What is needed> Where does the word "Wallpaper" show up in the records? Copy every line that has it.

————

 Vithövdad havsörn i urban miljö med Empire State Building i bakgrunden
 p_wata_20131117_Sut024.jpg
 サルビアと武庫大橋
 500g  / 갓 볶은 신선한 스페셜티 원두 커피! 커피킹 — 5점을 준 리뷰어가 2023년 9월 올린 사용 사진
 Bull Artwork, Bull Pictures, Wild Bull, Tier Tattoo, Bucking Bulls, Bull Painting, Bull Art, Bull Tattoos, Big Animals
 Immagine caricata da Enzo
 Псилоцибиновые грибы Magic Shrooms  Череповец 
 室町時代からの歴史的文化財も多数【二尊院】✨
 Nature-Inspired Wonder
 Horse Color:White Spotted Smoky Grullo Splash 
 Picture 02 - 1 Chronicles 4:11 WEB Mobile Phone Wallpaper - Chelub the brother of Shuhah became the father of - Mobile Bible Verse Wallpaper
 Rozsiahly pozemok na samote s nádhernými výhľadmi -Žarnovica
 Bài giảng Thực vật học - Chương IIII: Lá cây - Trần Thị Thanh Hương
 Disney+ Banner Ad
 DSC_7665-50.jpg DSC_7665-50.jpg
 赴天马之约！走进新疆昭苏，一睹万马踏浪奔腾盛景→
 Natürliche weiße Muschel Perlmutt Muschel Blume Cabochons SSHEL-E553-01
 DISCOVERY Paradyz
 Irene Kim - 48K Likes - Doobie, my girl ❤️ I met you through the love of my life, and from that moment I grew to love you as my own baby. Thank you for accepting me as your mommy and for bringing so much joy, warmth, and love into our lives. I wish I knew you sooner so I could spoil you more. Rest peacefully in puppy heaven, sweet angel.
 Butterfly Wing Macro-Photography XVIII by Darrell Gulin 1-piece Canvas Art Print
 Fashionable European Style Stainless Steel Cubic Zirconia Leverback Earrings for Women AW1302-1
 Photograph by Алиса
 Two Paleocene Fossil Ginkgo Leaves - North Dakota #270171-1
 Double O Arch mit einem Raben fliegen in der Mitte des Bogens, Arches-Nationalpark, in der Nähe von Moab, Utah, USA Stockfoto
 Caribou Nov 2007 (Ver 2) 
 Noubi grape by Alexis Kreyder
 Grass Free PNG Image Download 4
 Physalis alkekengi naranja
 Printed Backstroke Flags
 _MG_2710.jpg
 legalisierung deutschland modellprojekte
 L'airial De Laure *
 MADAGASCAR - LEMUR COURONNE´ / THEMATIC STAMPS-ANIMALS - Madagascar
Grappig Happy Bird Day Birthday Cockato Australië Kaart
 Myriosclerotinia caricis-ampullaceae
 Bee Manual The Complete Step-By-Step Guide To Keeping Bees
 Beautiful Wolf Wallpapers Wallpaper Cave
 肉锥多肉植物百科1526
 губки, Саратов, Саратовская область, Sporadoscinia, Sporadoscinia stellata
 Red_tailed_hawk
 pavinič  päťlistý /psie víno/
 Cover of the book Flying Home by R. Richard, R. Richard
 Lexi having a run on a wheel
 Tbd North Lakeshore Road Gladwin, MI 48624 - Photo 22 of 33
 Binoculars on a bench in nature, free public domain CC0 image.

————

Written solution>
 Picture 02 - 1 Chronicles 4:11 WEB Mobile Phone Wallpaper - Chelub the brother of Shuhah became the father of - Mobile Bible Verse Wallpaper
 Beautiful Wolf Wallpapers Wallpaper Cave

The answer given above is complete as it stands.